Bei den unzähligen verschiedenen Sorten gibt es natürlich auch unterschiedliche Ansprüche an den Standort und die Bodenverhältnisse. Generell sind Kirschen im Garten aber eher pflegeleichte Kandidaten. Generell ist ein warmer und sonniger Standort immer eine gute Idee, damit die Früchte bestens reifen können. Wenn der Boden dann noch nährstoff- und humusreich ist, steht einer erfolgreichen Ernte eigentlich nichts mehr im Wege. Wie gross die Bäume werden, ist von Sorte zu Sorte unterschiedlich. Genug Platz sollten aber alle Kirschbäume bekommen.

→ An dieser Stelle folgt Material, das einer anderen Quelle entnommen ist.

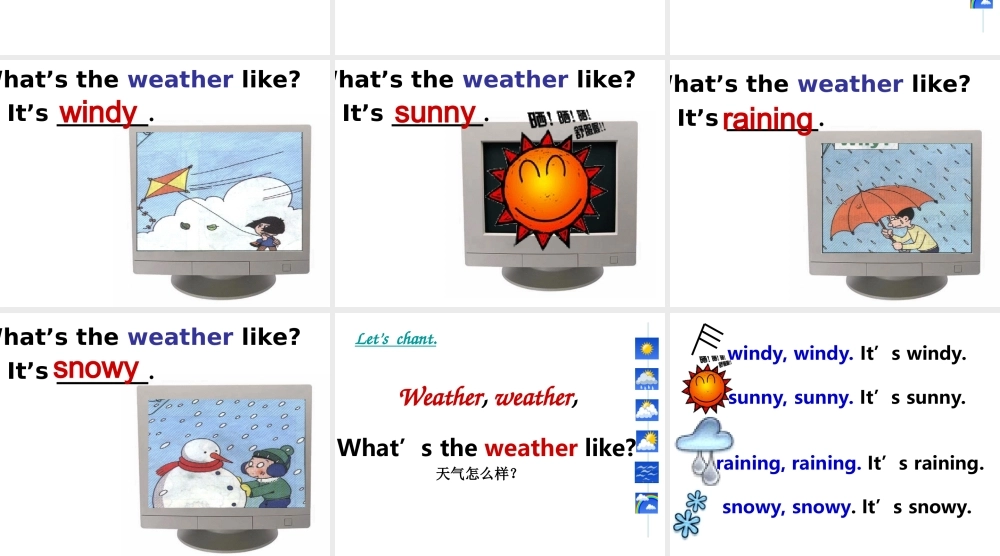 外研版（一起）二下Module 1《Unit 1 What’s the weather like》ppt课件3.ppt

Kirschen im Garten pflanzen und pflegen

Gepflanzt wird am besten im Herbst. Die Erde wird mit frischem Kompost angereichert und ein Pflanzloch ausgehoben, das mindestens 30 Zentimeter grösser sein sollte, als der Wurzelballen. Anschliessend wird das Loch mit Erde gefüllt und der Kirschbaum gut angegossen. Jedes Jahr nach der Ernte bekommen die Kirschen im Garten dann einen Rückschnitt, bei dem die Krone ausgelichtet wird.

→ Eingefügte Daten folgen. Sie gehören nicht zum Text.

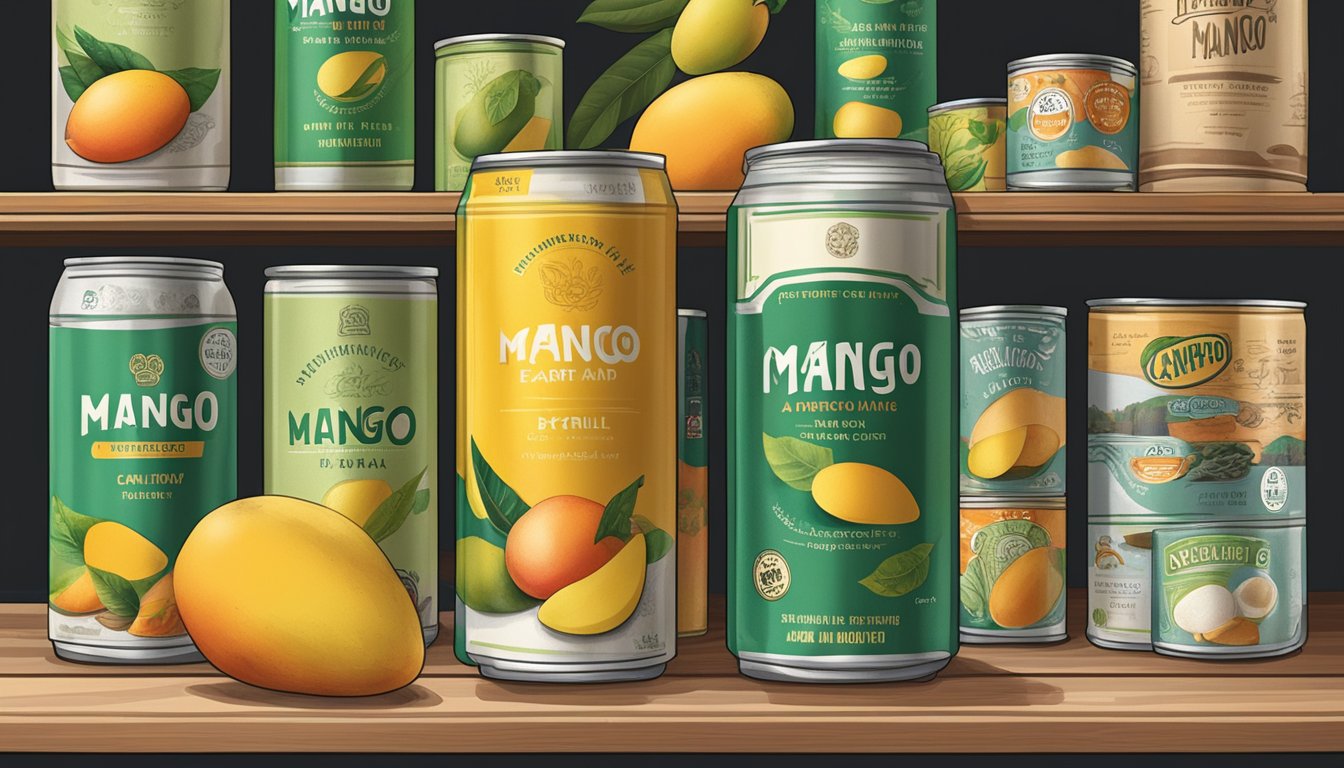 A can of mango sits on a shelf, surrounded by various other canned goods. The expiration date is clearly visible on the label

Die Süsskirsche, der kalorienarme Snack direkt vom Baum

Kirschen pflücken macht deshalb so viel Spass, weil man sich beim Pflücken erst einmal daran satt essen kann, vor allem bei der Süsskirsche. Kein schälen, kein abbeissen, nur den Kern wieder ausspucken. Das weitere Ernten verschiebt man auf später, ebenso wie das Verarbeiten zu Marmelade, Dessert und Kuchenzutat. Wer genügend Platz hat, pflanzt sich einen Baum, aber es gibt auch Halbstämme für mittelgrosse Gärten. Man muss darauf achten, ob die Süsskirsche selbstbefruchtend ist, sonst braucht man zwei Exemplare.

Von der Urmutter zur Süsskirsche

Die Urmutter der Süsskirsche ist die herrliche Vogelkirsche, die in wilder Form seit einigen tausend Jahren existent. Die Verwandtschaft bemerkt man an der traumhaften Kirschblüte. Der heutige Nutzbaum möchte schön warm stehen, er gedeiht sogar in sonnigen Hanglagen. Nährstoffe sind wichtig, und der Boden soll durchlässig sein. 

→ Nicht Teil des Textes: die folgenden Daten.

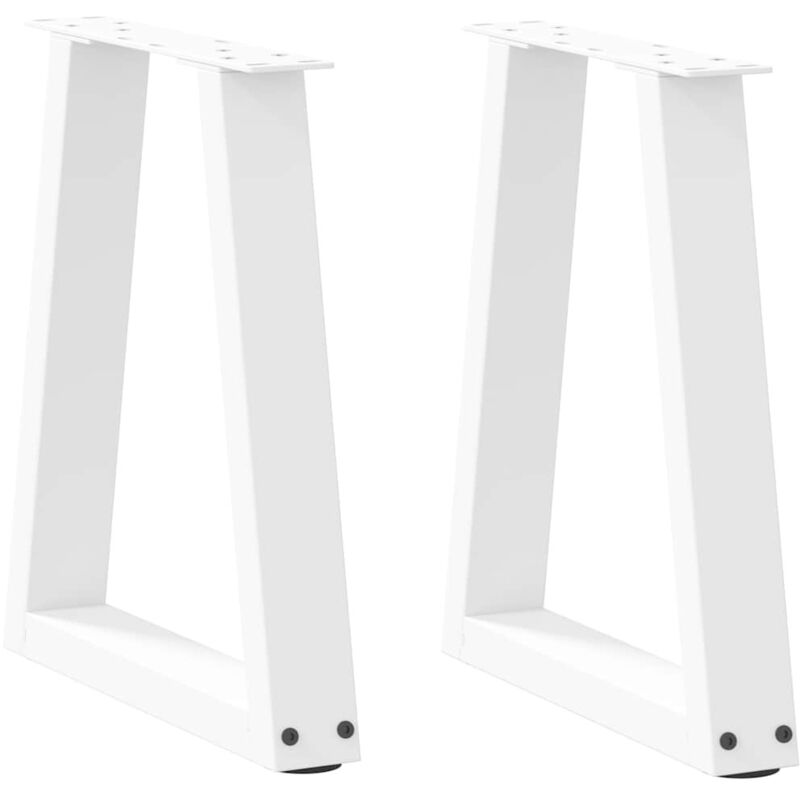 Vidaxl - Coffee Table Legs V-shape 2 Pcs White 28x(42-43.3) Cm Steel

Die frühreife Süsskirsche in Herzform

Die Süsskirsche ermöglicht nicht nur Naschen mit wenig Kalorien, sie versorgt auch mit wichtigen Vitaminen und Mineralstoffen. Wer sie in die Saftpresse gibt, erhält ein schmackhaftes und gesundes Produkt. Die frühreifenden Herzkirschen warten mit weichem Fruchtfleisch auf, die mittel- und spätreifenden Knorpelkirschen mit festem. Nicht nur Menschen lieben die Süsskirsche, deshalb ist ein Schutz der schönen roten Früchte vorteilhaft. Netze haben sich bewährt, an flatterndes Material gewöhnen die schlauen Vögel sich schnell. Ältere Bäume unterzieht man einer Verjüngungskur durch zurückschneiden.